**Exercise aim:**
Could you copy every entry exactly, dropping the pictures?

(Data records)
::::::
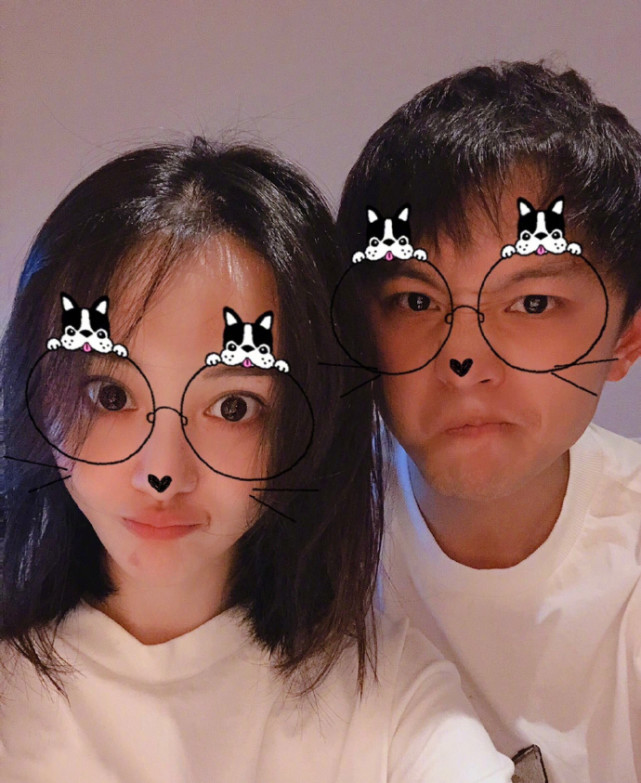 网曝郑爽团队曾紧急公关，要承认代孕接孩子回国，反被骂吃白饭的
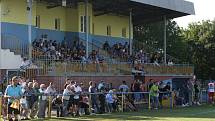 Fotbalisté Strání (žluté dresy) ve 2. kole krajského poháru zvítězili na hřišti sousedního Slavkova hladce 6:0.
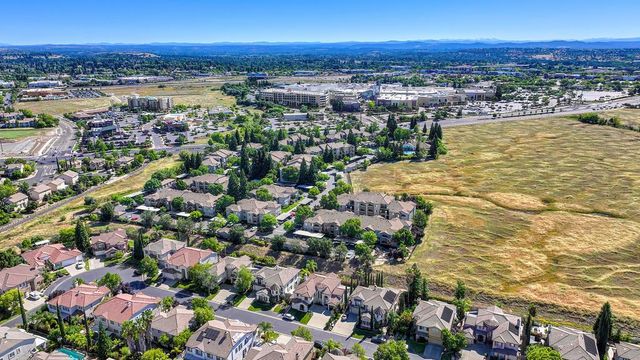 2110 Blackheath Ln, Roseville, CA 95678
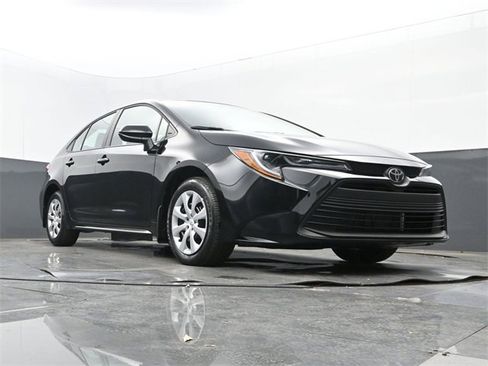 Used 2026 Toyota Corolla LE image 23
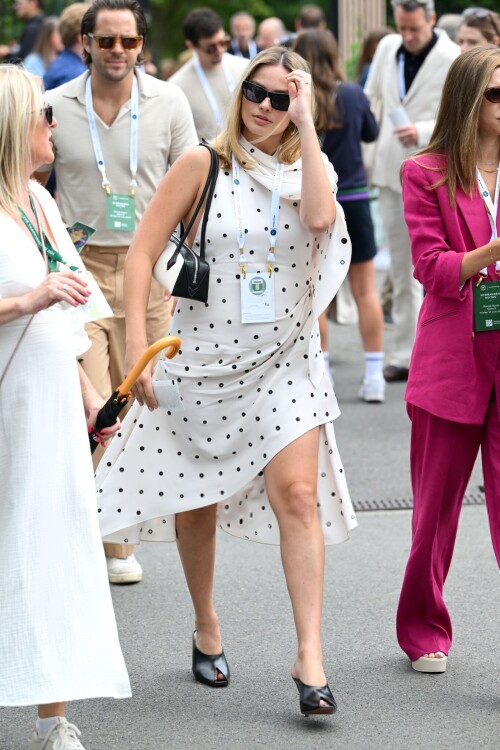 Margot_Robbie_at_Wimbledon_in_London_07-12-2024__7_6b49057719df2a42.md.jpg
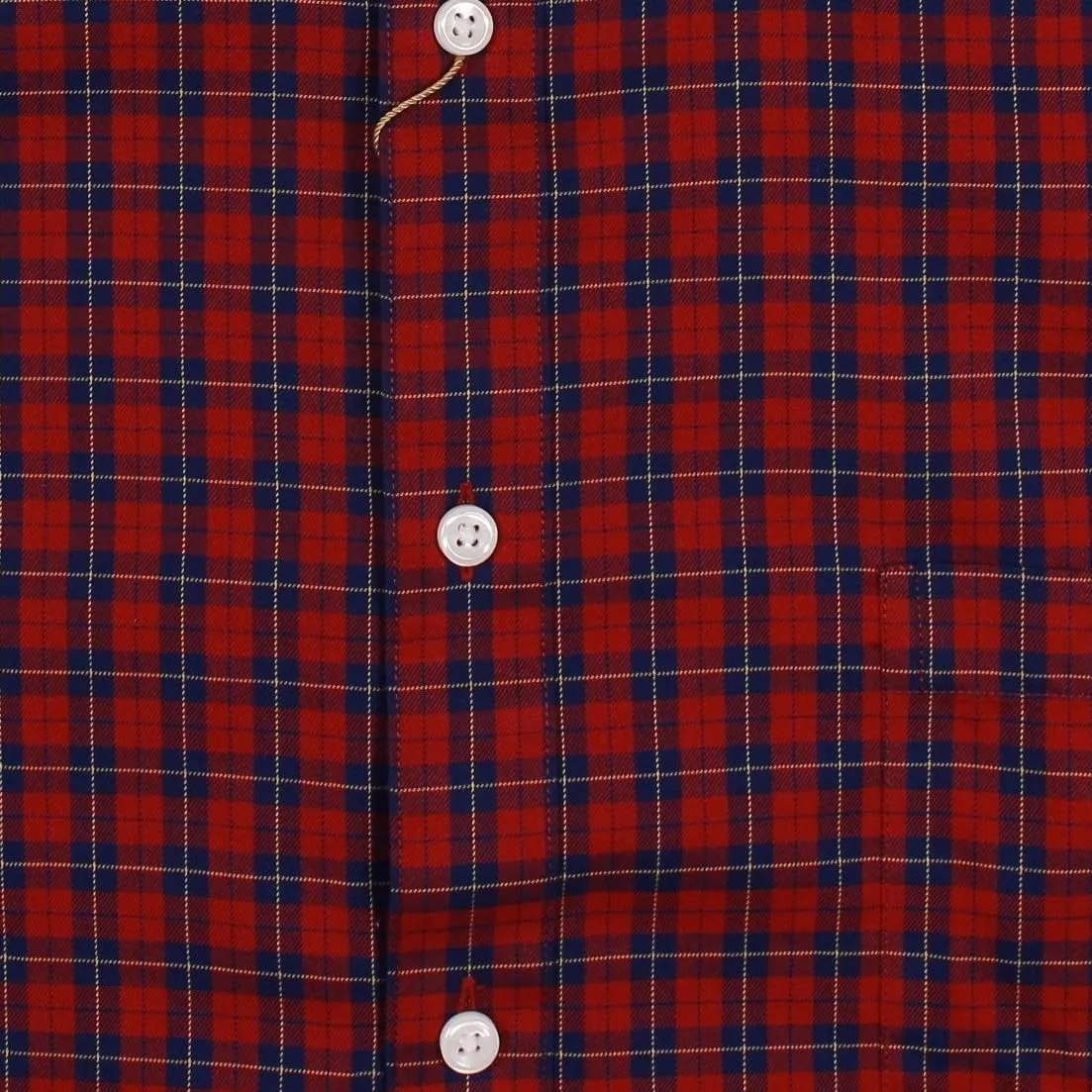 Gold Label Roundtree & Yorke Big and Tall Non-Iron Wrinkle-Resistant Men's Long Sleeve Shirt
::::::
**Completed exercise:**
 网曝郑爽团队曾紧急公关，要承认代孕接孩子回国，反被骂吃白饭的
 Fotbalisté Strání (žluté dresy) ve 2. kole krajského poháru zvítězili na hřišti sousedního Slavkova hladce 6:0.
 2110 Blackheath Ln, Roseville, CA 95678
 Used 2026 Toyota Corolla LE image 23
 Margot_Robbie_at_Wimbledon_in_London_07-12-2024__7_6b49057719df2a42.md.jpg
 Gold Label Roundtree & Yorke Big and Tall Non-Iron Wrinkle-Resistant Men's Long Sleeve Shirt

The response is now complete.